Per uscire dall’impasse ci sono tre strade. La prima è
cambiare consensualmente le politiche economiche dell’Eurozona. Non basta
diluire l’austerità: occorre rovesciare le politiche economiche nel cuore
dell’Europa. Ma né i partiti né il governo, a parte lamentarsi, hanno ripreso e
avanzato nelle sedi europee le proposte degli economisti in questo senso: la
liquidità immessa nel sistema finanziario non passa all’economia reale? La Bce
distribuisca base monetaria ai governi, che la usino per aiutare i poveri e
finanziare lavori pubblici nelle zone ad alta disoccupazione. La Bce alzi il
target di inflazione e favorisca una rapida crescita dei salari tedeschi: gli
squilibri di competitività rientreranno, senza dolore per nessuno. I paesi con
più margini di manovra fiscale rilancino la domanda interna con il deficit
spending: la depressione finirà. In ogni caso, la Germania ha sempre risposto
picche; e continuerà a farlo. Per indurla a trattare seriamente non basta il
crollo dei fondamenti teorici dell’austerità, o l’evidenza empirica: bisogna
cambiare i suoi incentivi politici.
La seconda possibile via d’uscita è lasciare l’euro, e/o
ristrutturare il debito. Bisognerà cominciare a parlarne: essa offre sicuri
benefici (la fine della depressione), non è vero che il Pil cadrebbe del 30%;
ma comporta anche rischi e costi elevati. Ci sarebbe una terza via,
percorribile su base nazionale, che è sfuggita all’attenzione mediatica, e che
consentirebbe di uscire dalla crisi “a velocità giapponese”. Bisogna però
essere disposti ad approfittare di un clamoroso vuoto della normativa europea.

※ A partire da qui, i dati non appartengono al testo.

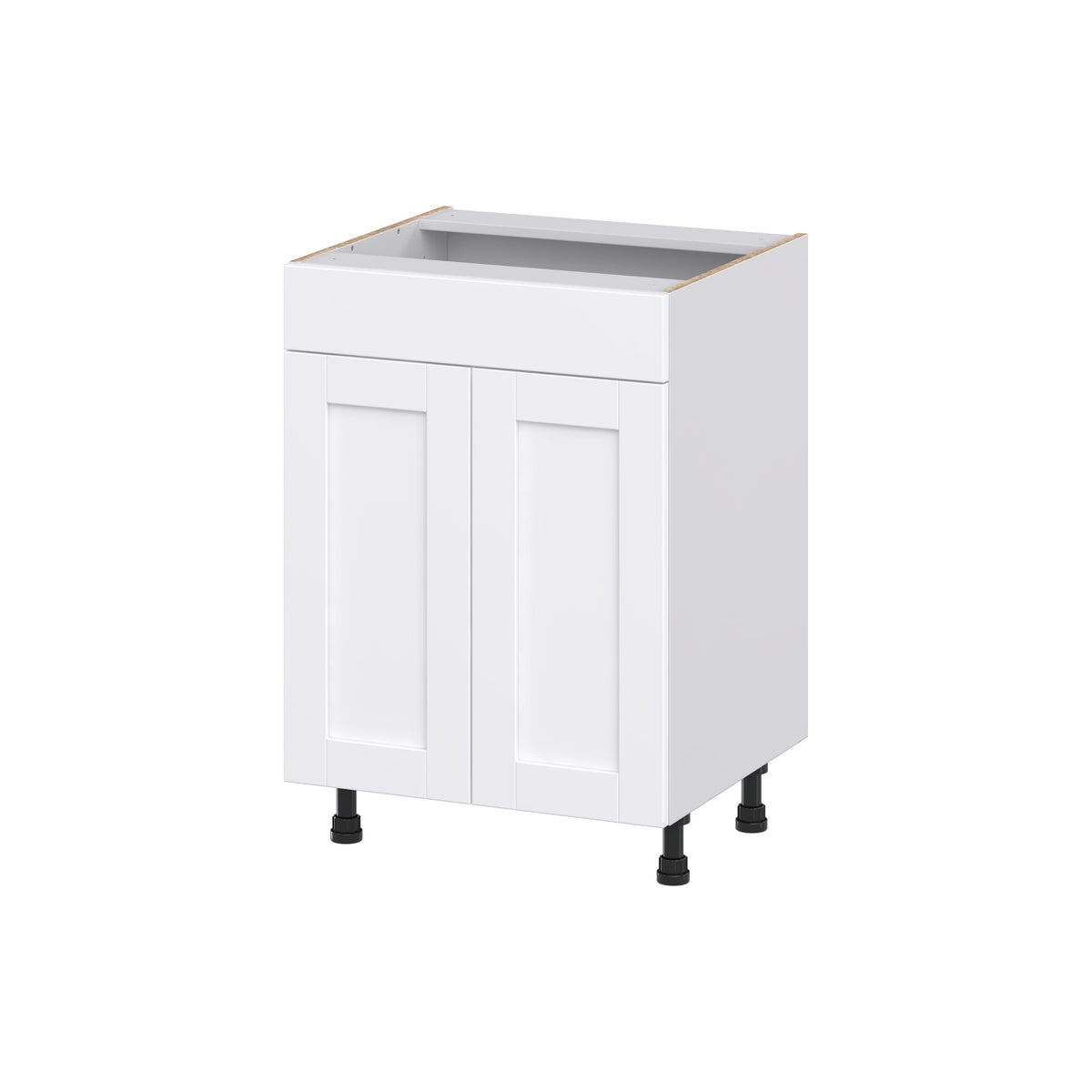 Hugo&Borg Rosemont 24-in W x 34.5-in H x 21-in D Glacier White Sink Base Fully Assembled Cabinet (Recessed Panel Shaker Style)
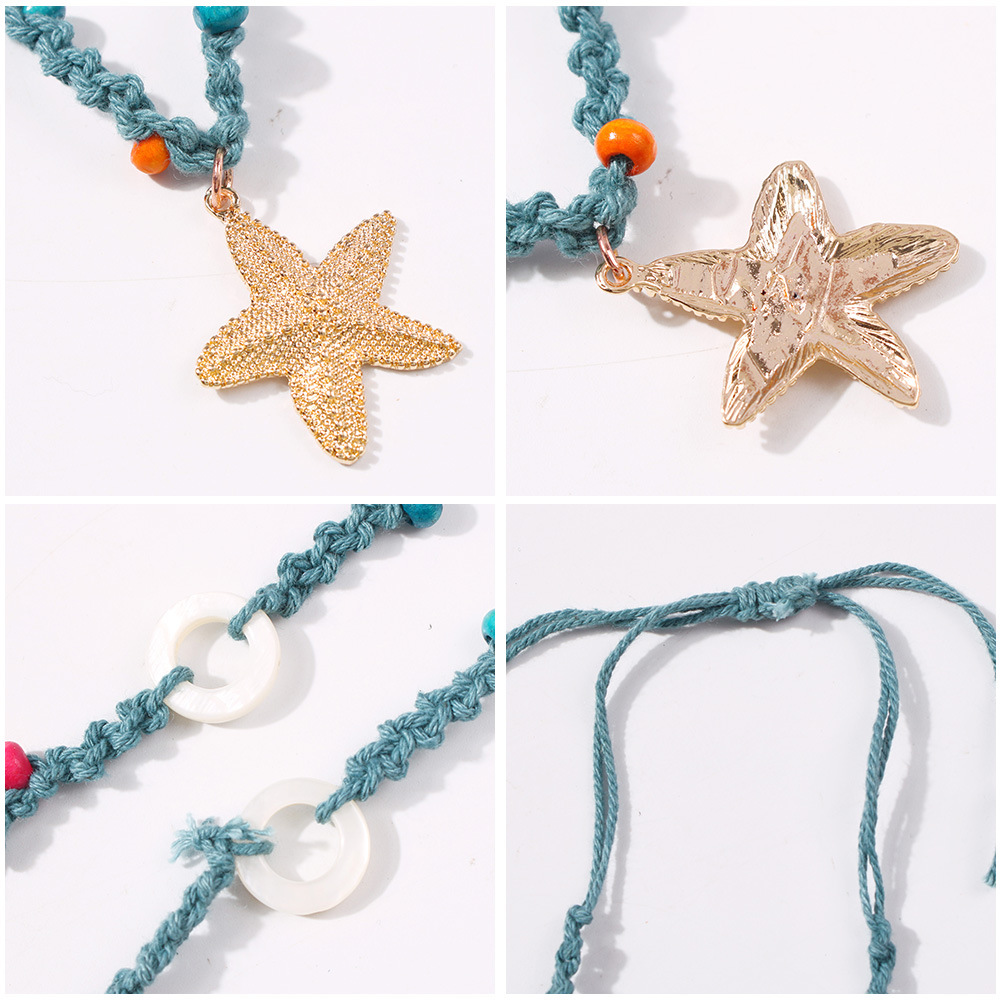 New Fashion Creative Hand-woven Bohemian Alloy Starfish Pendant Necklace Wholesale display picture 8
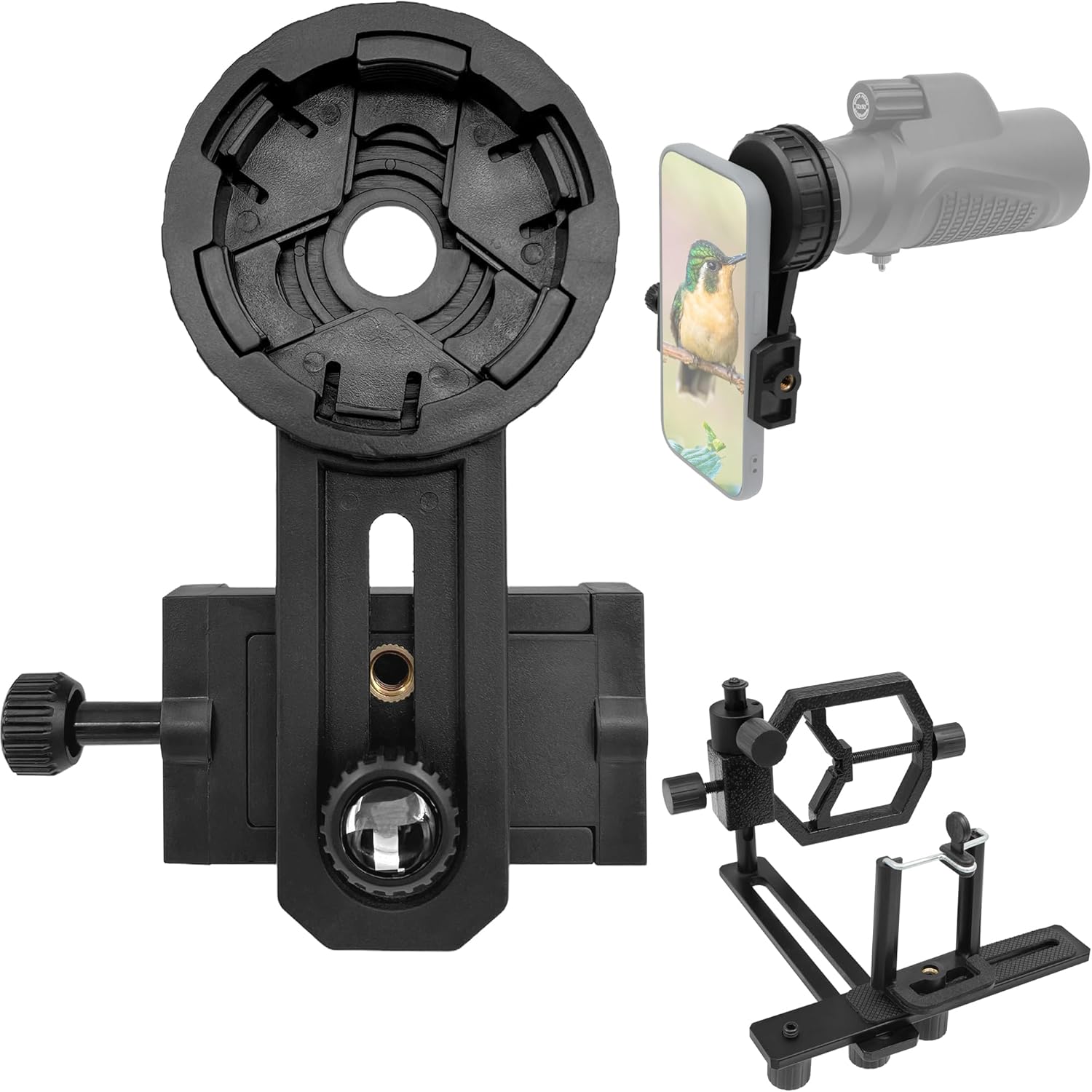 Universal Metal Telescope Camera Phone Adapter - Bundle with - Smartphone Telescope Adapter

E violare lo spirito, non la lettera, dei trattati. Come ha fatto finora la
Germania, scambiando la “cultura della stabilità” con la “cultura della
depressione”. Eludere le regole senza lasciare l’euro riaprirebbe anche il
negoziato sull’Eurozona. Per realizzare una simile strategia ci vuole però un
quadro politico assai più propenso all’innovazione, desideroso di sfidare
l’ortodossia liberista. Capace di alzare la qualità della proposta, e offrire
all’Europa un nuovo paradigma, nel dimostrabile interesse anche del popolo
tedesco. Si può fare. Perciò si deve fare.
(Piergiorgio Gawronski, “Stampare denaro per uscire subito dalla crisi”, lettera indirizzata al direttore del “Corriere della Sera” il 25 maggio 2013, poi ripresa da “Il Fatto Quotidiano” e da “Come Don Chisciotte”).